- Provided records -
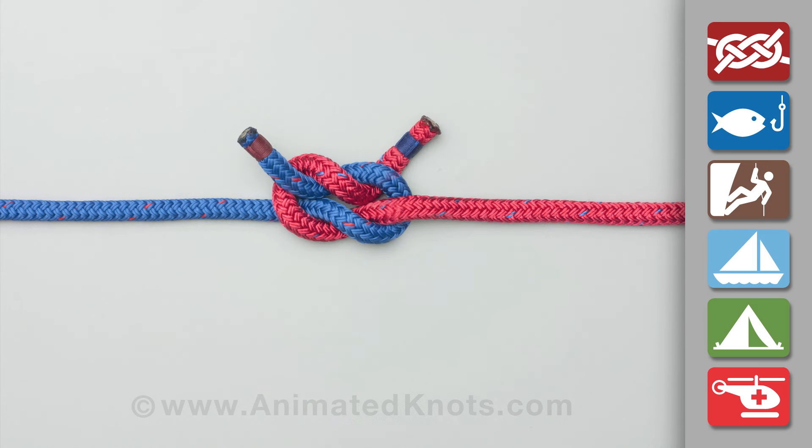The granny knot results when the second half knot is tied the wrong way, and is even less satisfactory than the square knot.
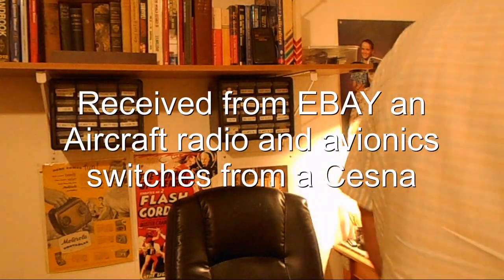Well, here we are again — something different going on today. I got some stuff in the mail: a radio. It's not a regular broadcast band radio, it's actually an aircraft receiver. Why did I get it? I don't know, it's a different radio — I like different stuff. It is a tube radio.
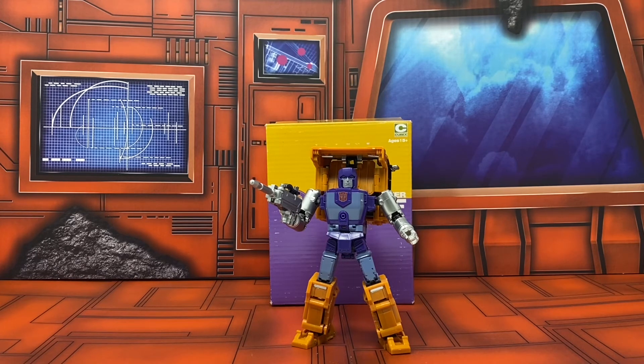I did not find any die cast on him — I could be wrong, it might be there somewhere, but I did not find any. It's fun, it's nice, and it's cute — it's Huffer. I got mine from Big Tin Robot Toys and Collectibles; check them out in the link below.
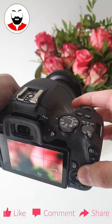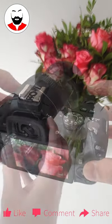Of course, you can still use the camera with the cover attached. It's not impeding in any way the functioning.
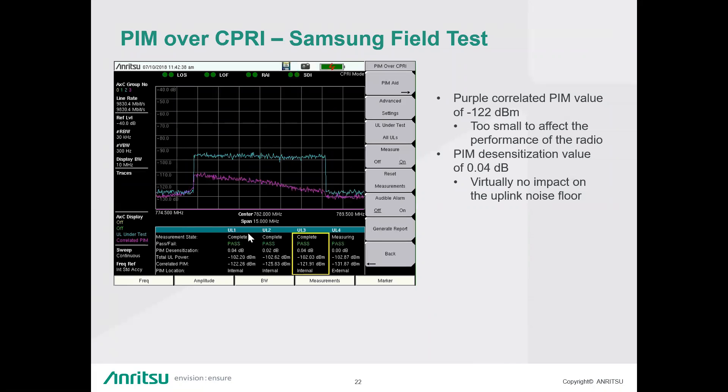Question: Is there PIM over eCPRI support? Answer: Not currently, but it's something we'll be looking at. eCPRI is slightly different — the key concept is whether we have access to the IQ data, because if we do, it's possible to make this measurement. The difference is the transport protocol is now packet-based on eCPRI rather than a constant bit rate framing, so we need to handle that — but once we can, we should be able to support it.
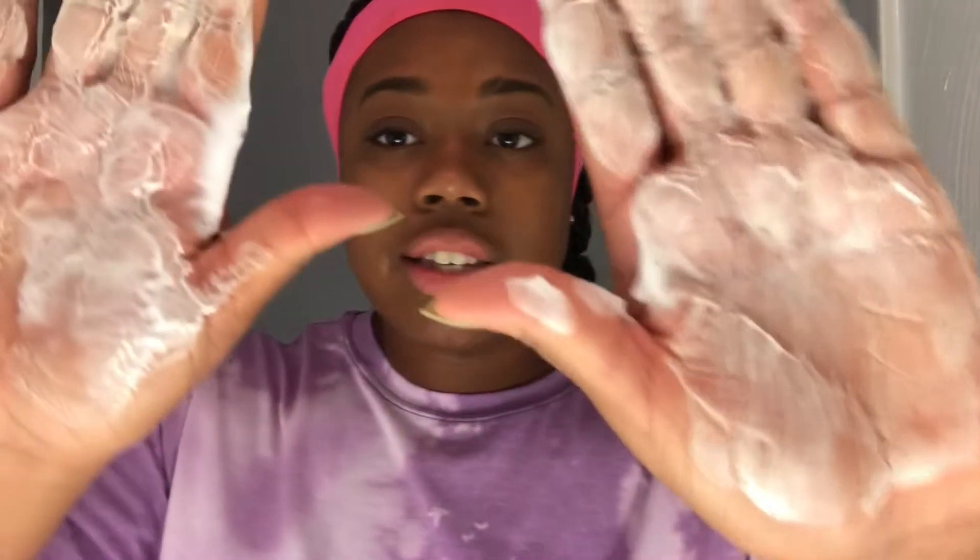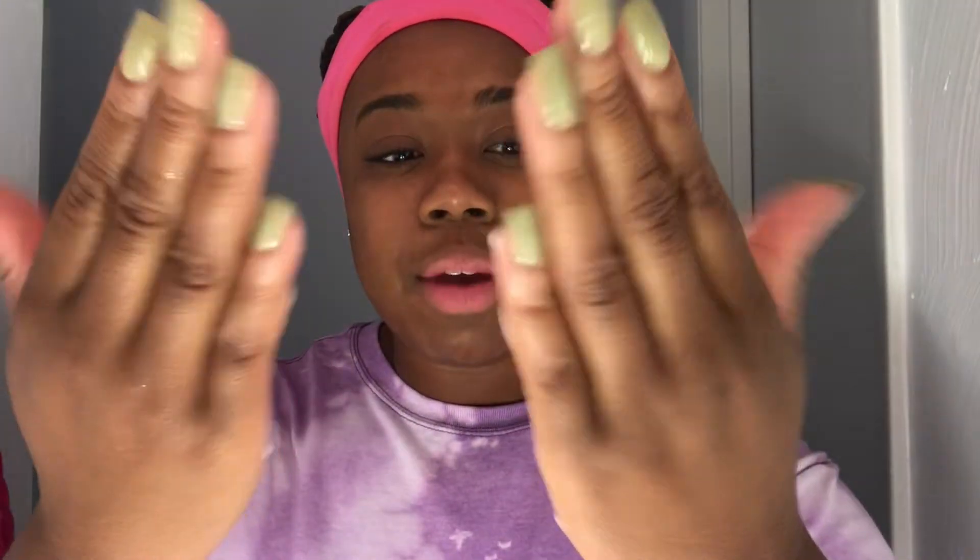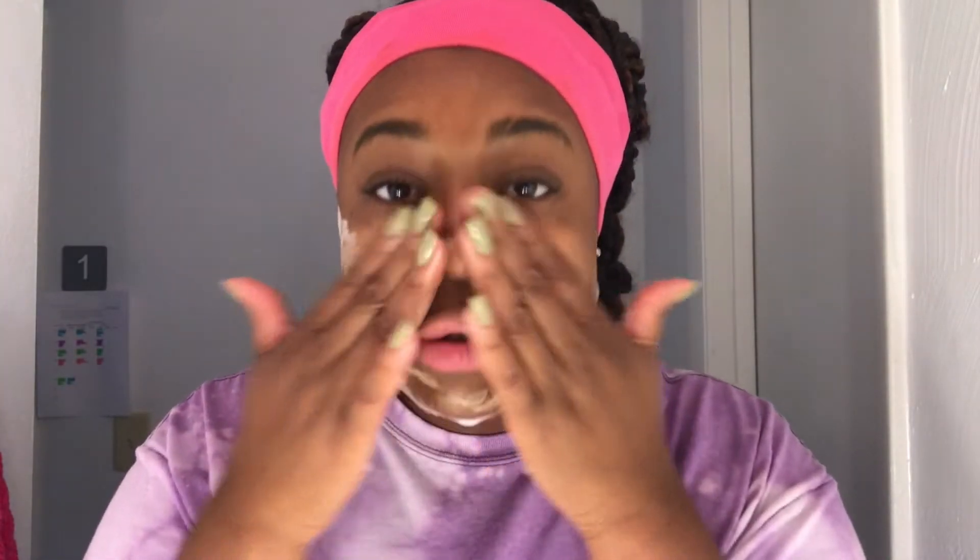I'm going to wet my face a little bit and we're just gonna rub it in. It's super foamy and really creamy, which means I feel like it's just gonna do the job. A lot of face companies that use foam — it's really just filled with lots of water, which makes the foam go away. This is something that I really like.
--
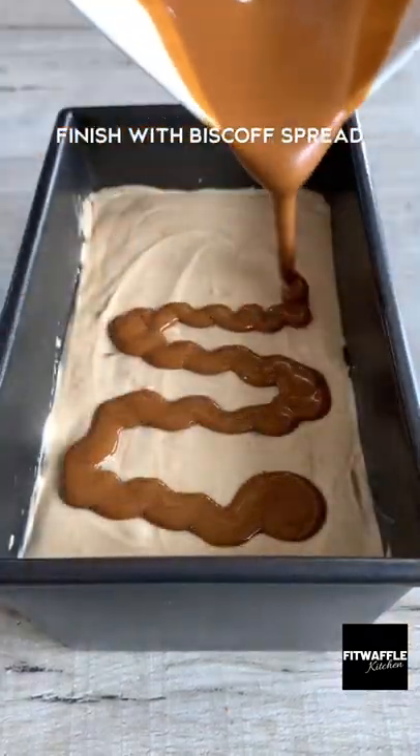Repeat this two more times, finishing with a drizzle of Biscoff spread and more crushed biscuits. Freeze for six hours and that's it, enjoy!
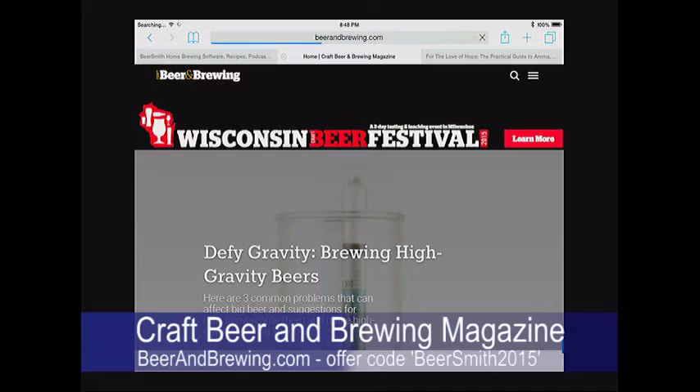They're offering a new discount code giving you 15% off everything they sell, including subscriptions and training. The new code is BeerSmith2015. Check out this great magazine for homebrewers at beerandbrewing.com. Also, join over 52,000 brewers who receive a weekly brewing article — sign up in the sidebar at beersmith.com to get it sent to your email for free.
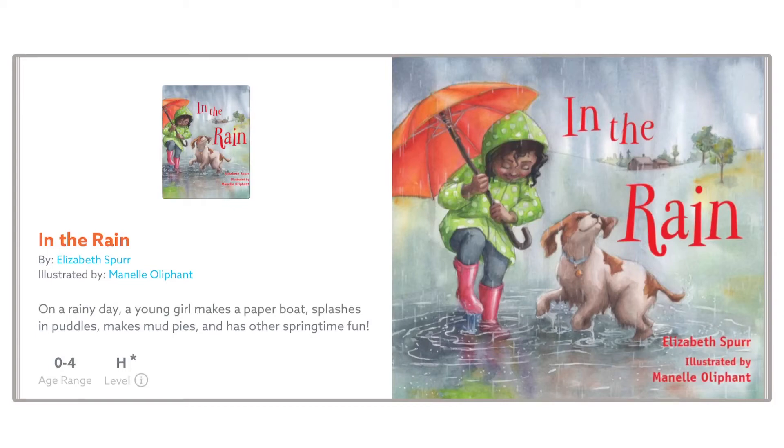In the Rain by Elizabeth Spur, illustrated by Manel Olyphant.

- Work item -
Pictures aside, return exactly the lines from the data above, starting at the line that has "Repeat this two" and ending at the line that has "In the Rain", both included.

- Written response -
Repeat this two more times, finishing with a drizzle of Biscoff spread and more crushed biscuits. Freeze for six hours and that's it, enjoy!
They're offering a new discount code giving you 15% off everything they sell, including subscriptions and training. The new code is BeerSmith2015. Check out this great magazine for homebrewers at beerandbrewing.com. Also, join over 52,000 brewers who receive a weekly brewing article — sign up in the sidebar at beersmith.com to get it sent to your email for free.
In the Rain by Elizabeth Spur, illustrated by Manel Olyphant.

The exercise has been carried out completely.